Thinking back to the Phuket Sandbox or Samui Plus campaign, foreign tourists have not caused clusters of infections to emerge during every promotional period. The real problem was the unregulated movement of locals and illegal migrant workers.

The Phuket authorities did well at the start of their reopening campaign. But after some time, the unregulated land and sea travel of Thais and illegal migrants, especially those in the fishing and construction industries, sparked a new epidemic with around 200 new cases per day. Only 89 foreign tourists were infected from July 1 to September 11.

Samui Plus experienced a similar issue as a cluster of infections was detected in its entertainment business shortly after it reopened.

The public is fully aware that little has been done to combat the smuggling of illegal migrants in recent months. The networks of smugglers, who have the help of bad officials, are problematic. There has been a significant increase in the number of illegal migrants due to the growing demand for workers after the restrictions were relaxed. In the last month alone, nearly 6,000 migrant workers from Cambodia, Myanmar and Malaysia were arrested, a record for the whole year. Each worker reportedly confessed to being paid between 5,000 and 20,000 baht each to work.

Supreme Commander Chalermpol Srisawat expects more migrants to be brought into the country to meet demand for around 400,000 workers, as the normal employment system has yet to resume. He said it is difficult to crack down on these networks.

Over the past seven days, several arrests have taken place in Kanchanaburi, Tak and Prachuap Khiri Khan, which border Myanmar. In Kanchanaburi, the number of migrants arrested was so high that detention cells in Sai Yok, Thong Pha Phum and Sangklaburi districts are now overcrowded.

Surprisingly, of the more than 100 migrants from Myanmar arrested at Prachuap Khiri Khan in the past two weeks, 10% were infected with the Delta variant, the most contagious.

Making daily arrests does not mean the authorities are effective. It reflects a system infected with the corrupt negligence of some state officials. It should be noted that most of these arrests were juvenile delinquents compared to the large fish that remain at large.

Prayut Chan-o-cha’s government set up a panel to investigate labor smuggling earlier this year after a large cluster of infections was discovered, but we have hardly heard nothing of his progress. Meanwhile, contraband flourishes. This makes us wonder if the government is really serious about cracking down – or is it just a show?

Widespread violations of Covid regulations are seen in entertainment businesses in Bangkok. Some of these businesses remain open despite mandatory closing hours, and many illegally sell alcoholic beverages by violating social distancing rules.

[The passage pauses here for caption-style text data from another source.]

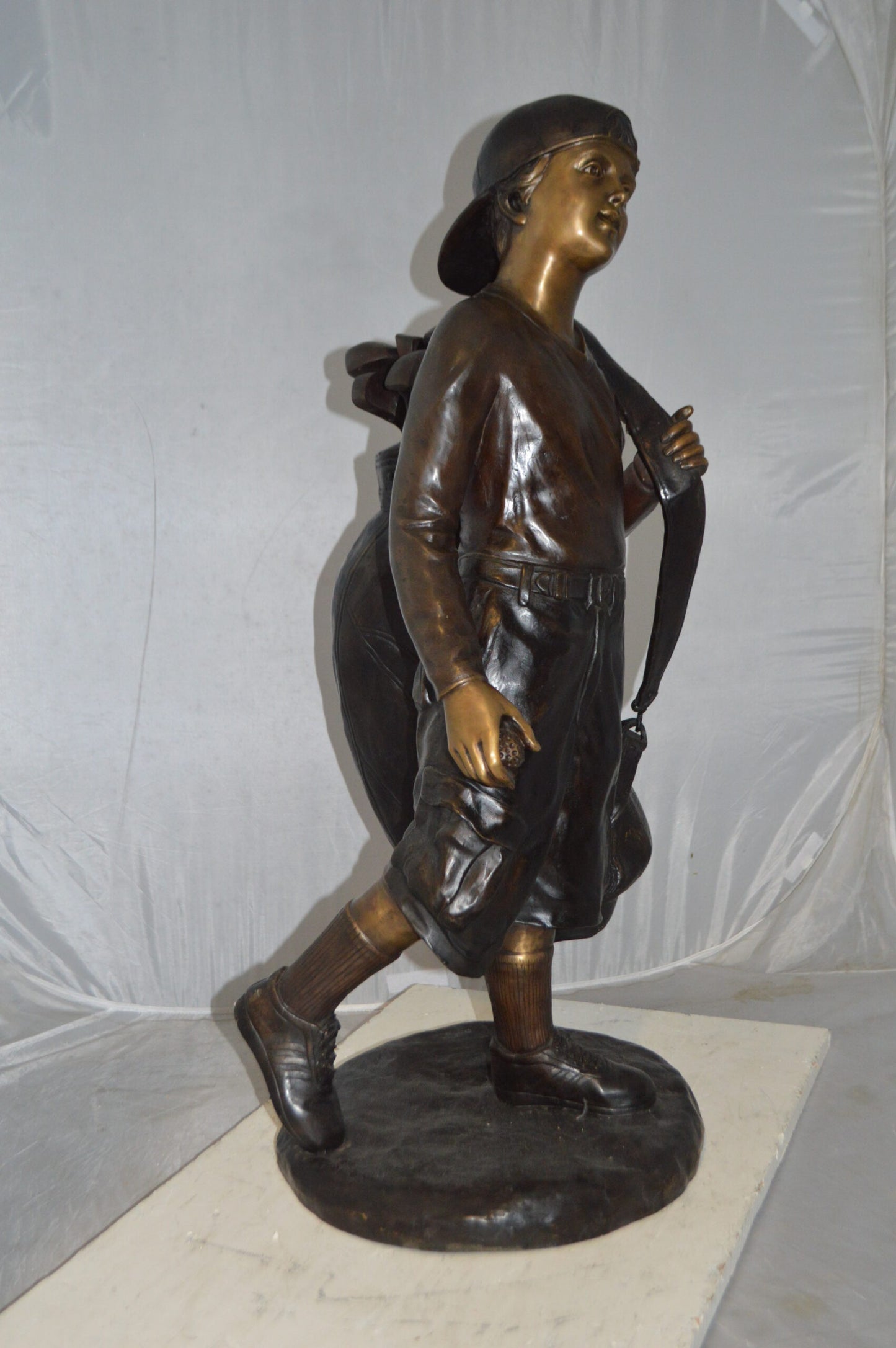 Boy Carrying A Golf Bag Bronze Statue - Size: 15"L x 15"W x 38"H.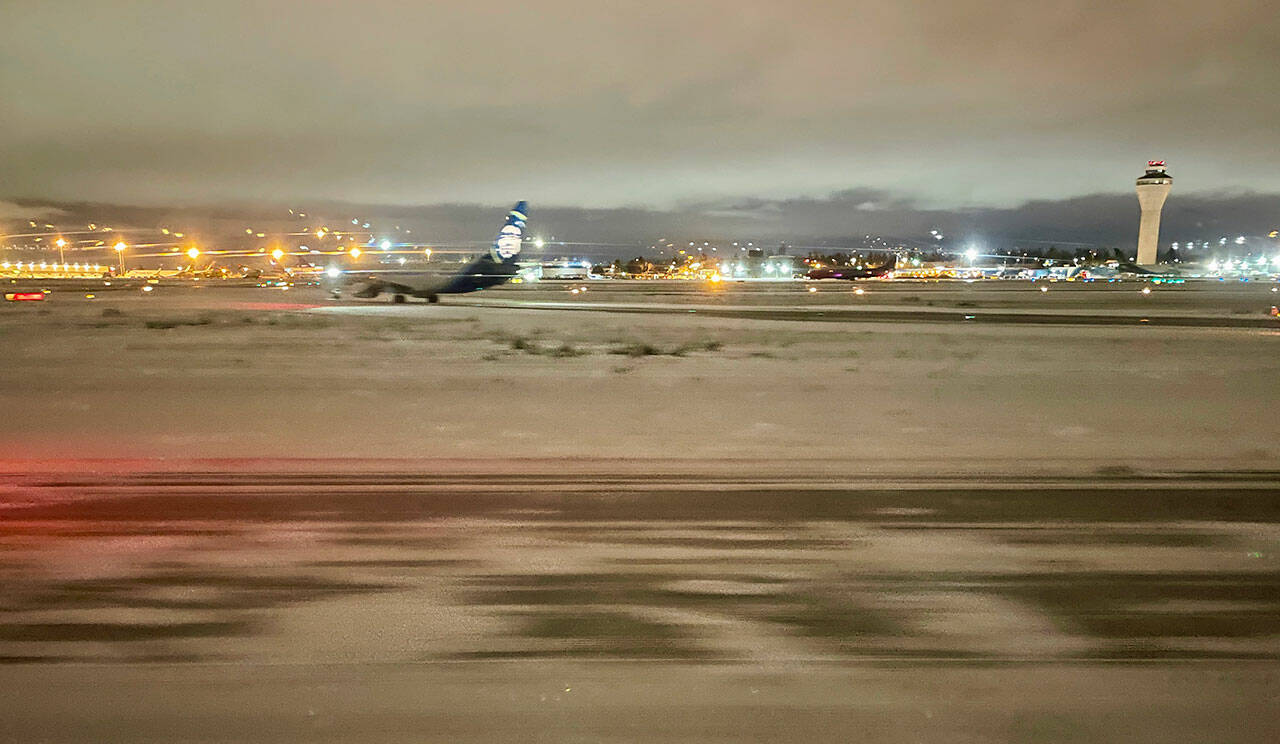 Seattle-Tacoma International Airport in SeaTac on Sunday night, after a day of snowfall. (Chuck Taylor / The Herald)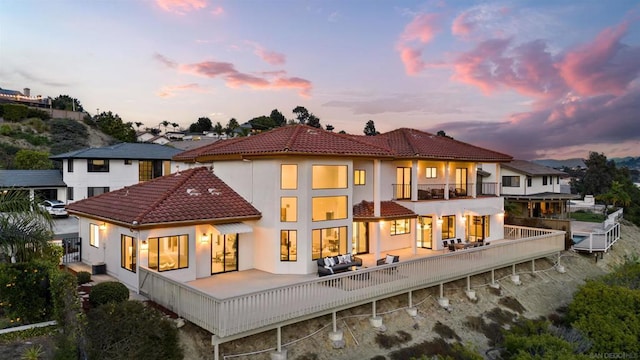 back house at dusk with an outdoor living space and a balcony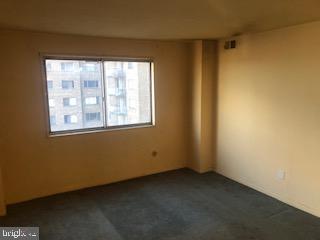 1836 Metzerott Road, Unit 1224 Hyattsville, MD 20783 - Photo 6 of 17 a view of an empty room with a window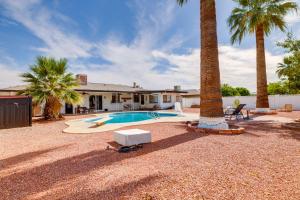 a house with a swimming pool and two palm trees at Walk to Golf Club Sun City Home with Private Pool! in Sun City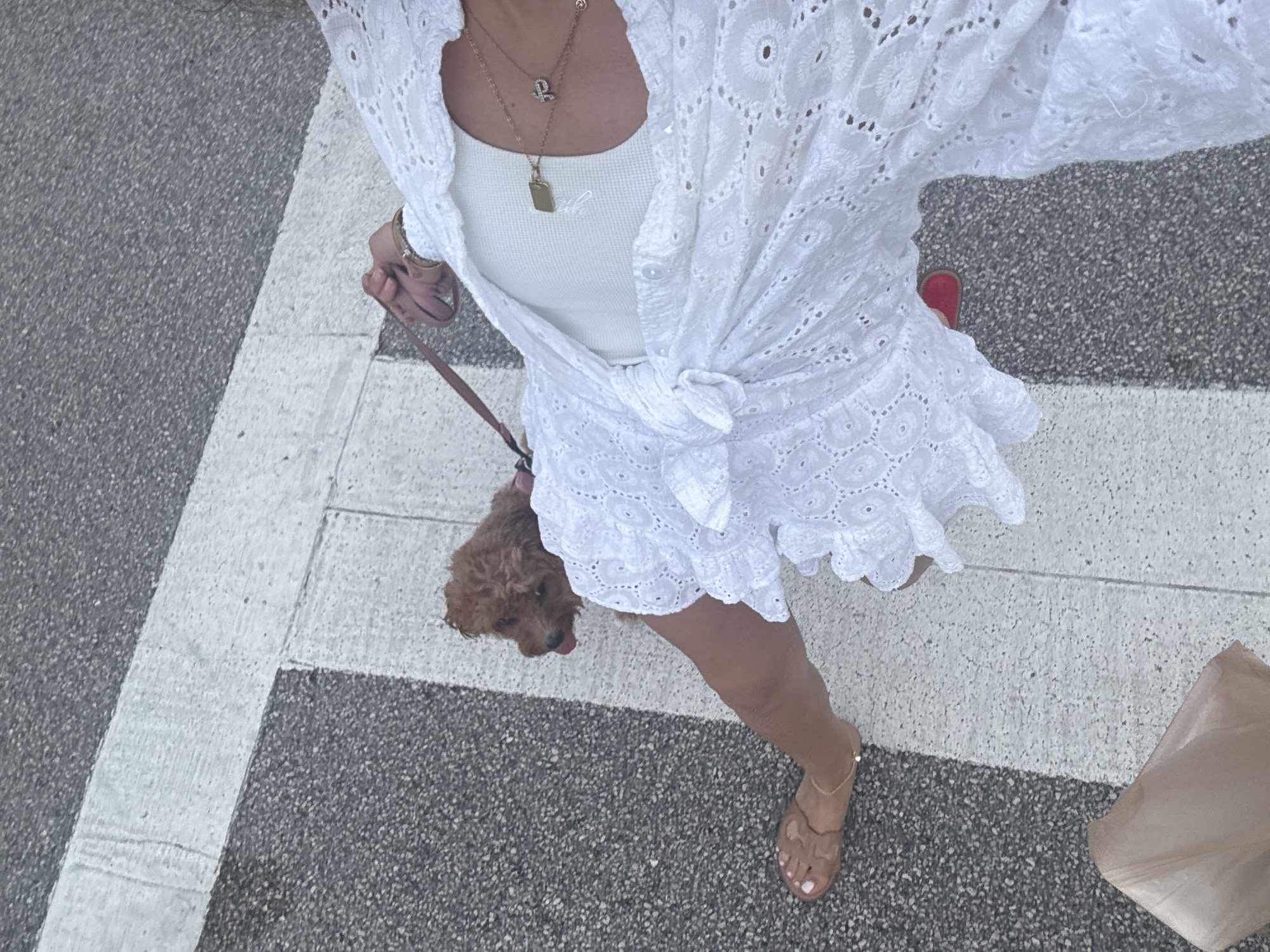 A high-angle photograph shows a woman and a dog standing on a crosswalk in Boca Raton, Florida, USA. The woman is wearing a white eyelet shirt tied at the waist over a white tank top, with a matching white eyelet skirt, and brown sandals. She is wearing two necklaces. A brown poodle is on a pink leash held in her left hand. A brown shopping bag is on the ground to the lower right of her. The crosswalk is made of asphalt between parallel white stripes.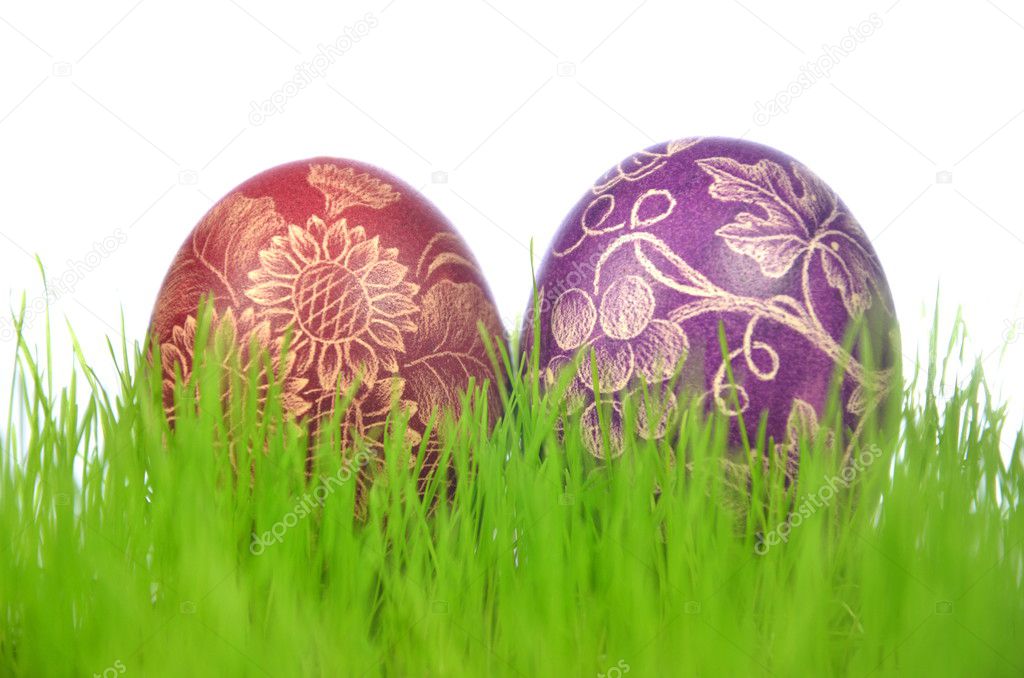 Two traditional scratched handmade Easter eggs in the grass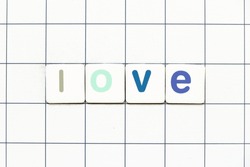 Colorful tile letter in word love on white grid background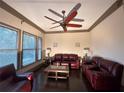 Comfortable living room with multiple windows, ceiling fan, and dark leather furniture at 745 Fountainhead Ne Ln # 130, Atlanta, GA 30324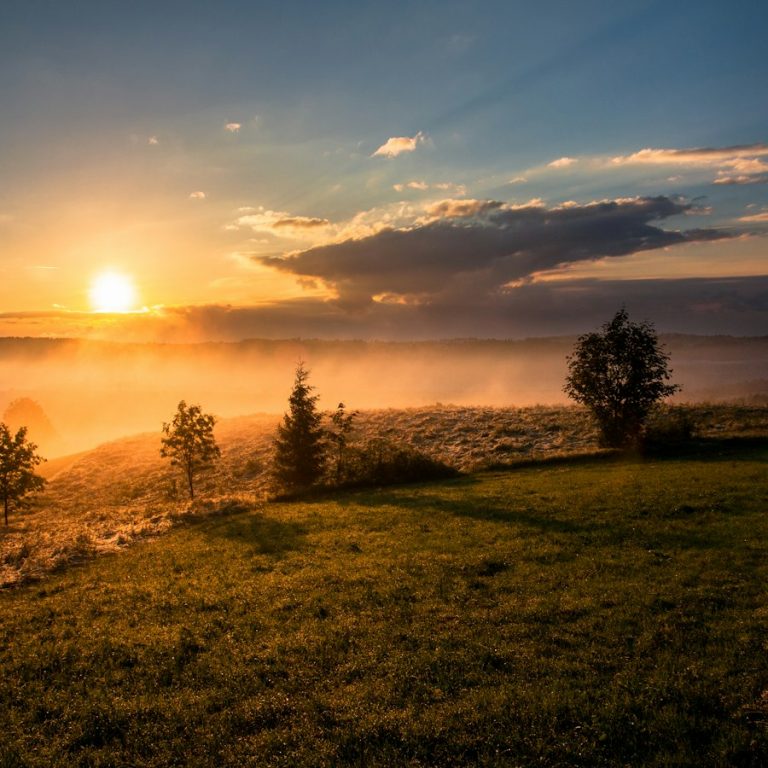 Soleil levant sur des collines brumeuses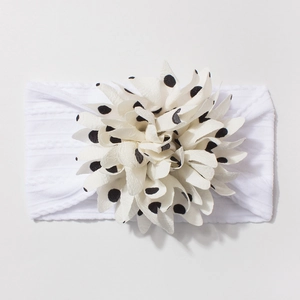 Detail of baby headband featuring white knitted texture and black polka dot floral decor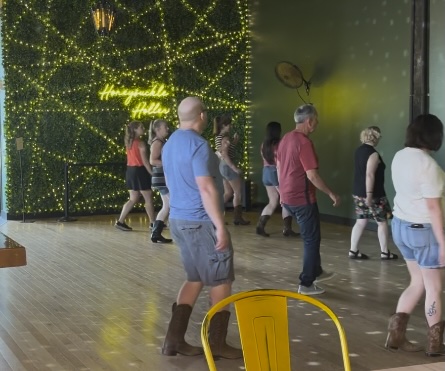 Participants learning a line dance at Honeysuckle Holler in Hendersonville, North Carolina.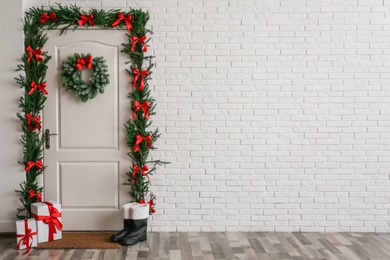 Photo of Stylish hallway interior with decorated door and Christmas gifts, space for text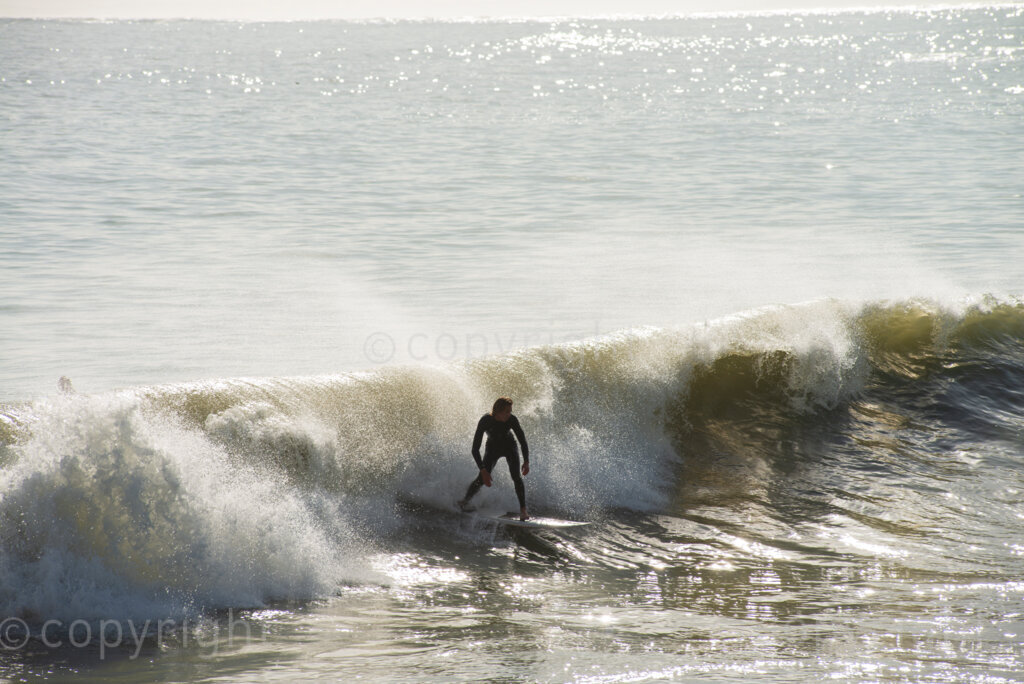 Surfers enjoyed the unusually high waves in Gordon's Bay, in the Western Cape, Tuesday afternoon, July 14, 2020, after gale force winds and flash floods had beaten the coast for several days. PHOTO: EVA-LOTTA JANSSON 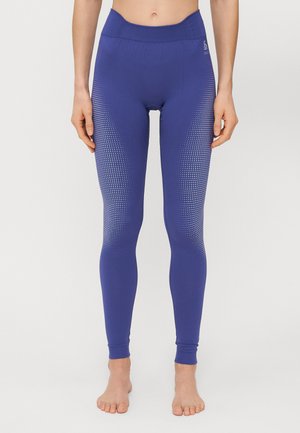 Violet sportinės leggins su aukštu liemeniu, tekstūruotu raštu, sudarytu iš mažų taškelių šoninėse dalyse, ir siaurėjančiais anklių kraštais.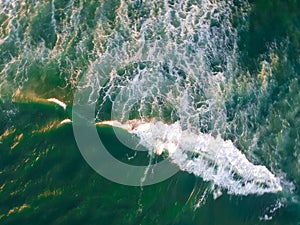Aerial view of indistinguisable man surfing in Barra da Tijuca beach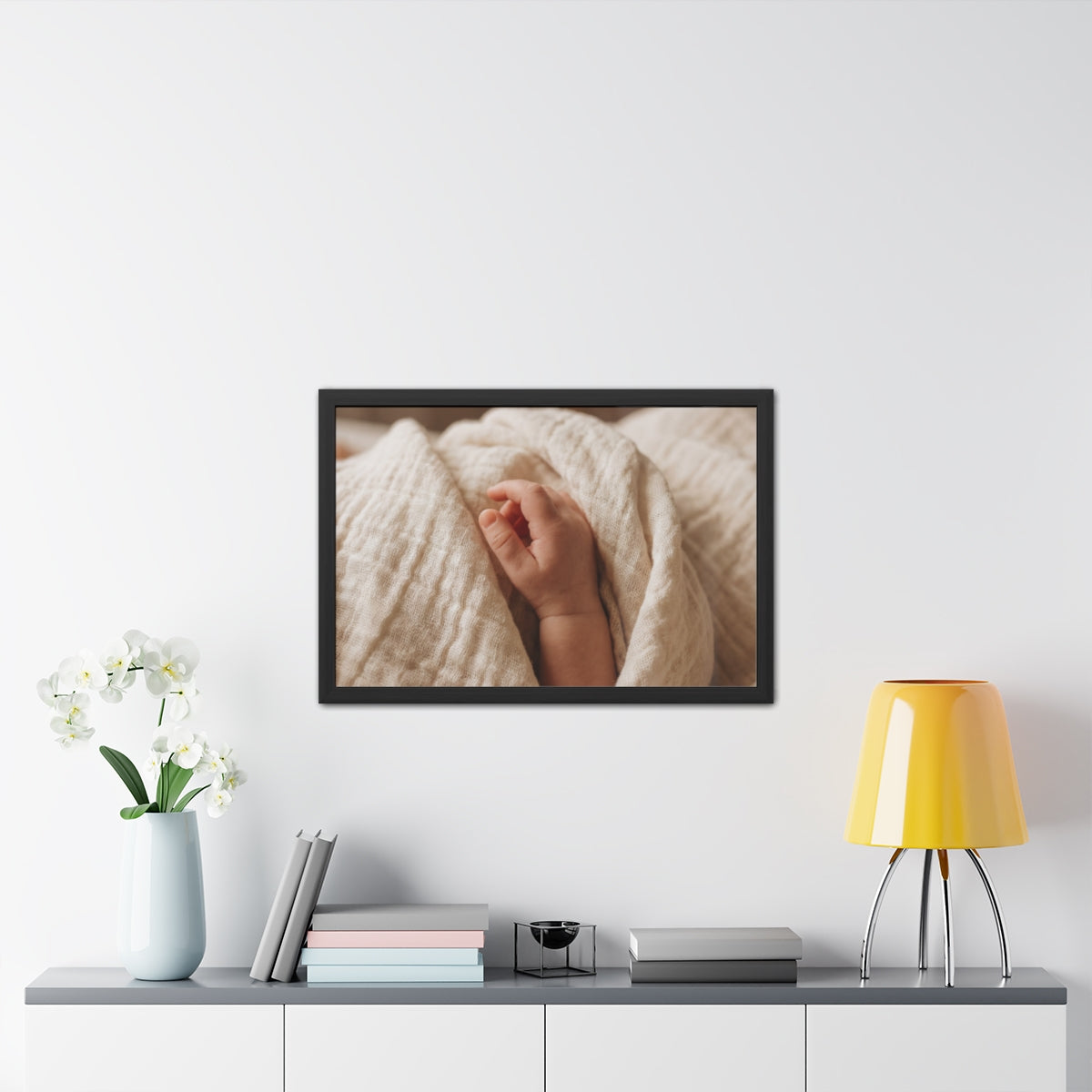 Framed Posters - Tender Newborn Hand in Soft Muslin Blanket...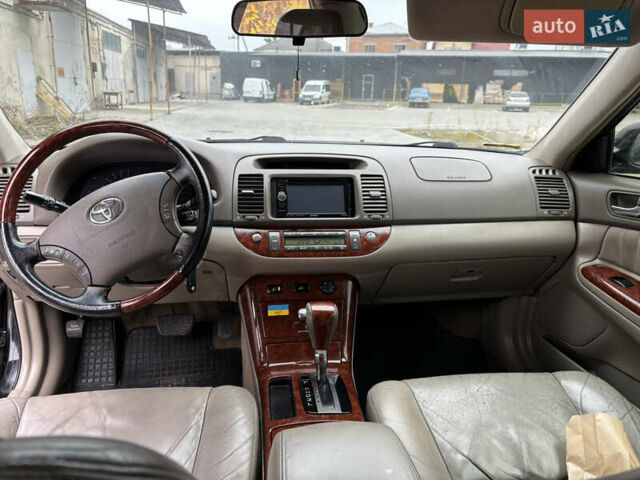 Чорний Тойота Камрі, об'ємом двигуна 2.36 л та пробігом 294 тис. км за 5100 $, фото 13 на Automoto.ua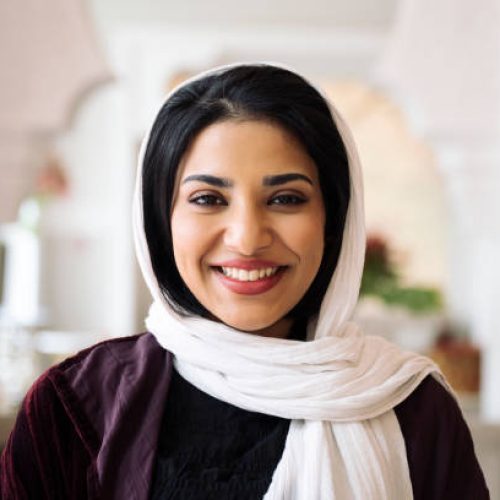 Head and shoulders portrait of woman with black hair wearing abaya, white headscarf, and smiling at camera in hotel lobby with Islamic architectural design.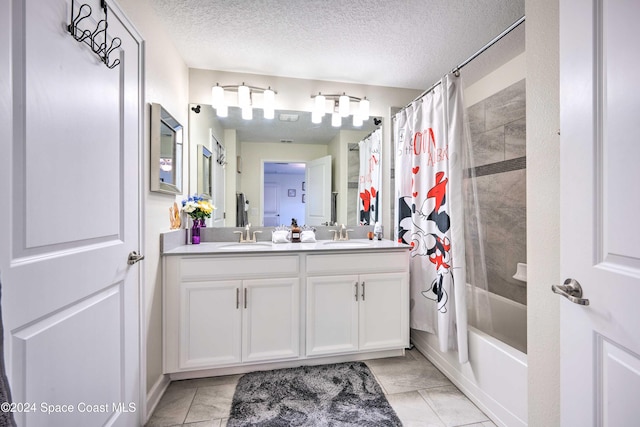 bathroom with a textured ceiling, vanity, shower / bath combo with shower curtain, and tile patterned floors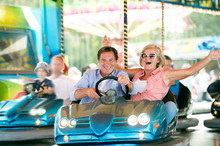 Senior couple in the bumper car at the fun fair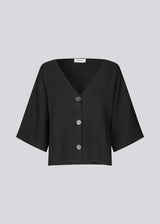 Knitted cardigan with short sleeves in EcoVero viscose. Paris SS cardigan has a v-neck and button closure in front.&nbsp;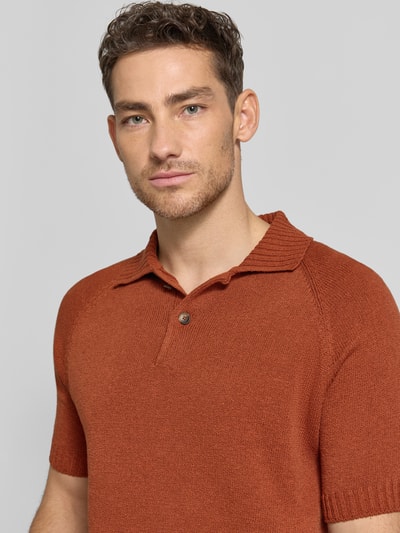 Męski model nosi Regular Fit Poloshirt aus Baumwoll-Kaschmir-Mix mit Knopfleiste od GRAN SASSO, ceglany odcień, mieszanka bawełny i kaszmiru, krój regular fit, listwa guzikowa, długość tyłu w rozmiarze 50: 68 cm, zbliżenie na górną część ciała.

A crackdown earlier this week on an entertainment venue that drew 100 shoppers in front of the Royal Thai Police Headquarters has shown that some business operators are confident in their relationships that they don’t seem to care much about laws and regulations. It reminds us of the perpetrators of the infamous Thong Lor group, who still remain above the law today.

All of the Covid-19 debacles are due to corruption and dereliction of duty by officials who have turned a blind eye to violations of the law committed by some business operators. Unless the government learns the lessons and truly tackles such misconduct, it will not be possible to keep the coronavirus at bay.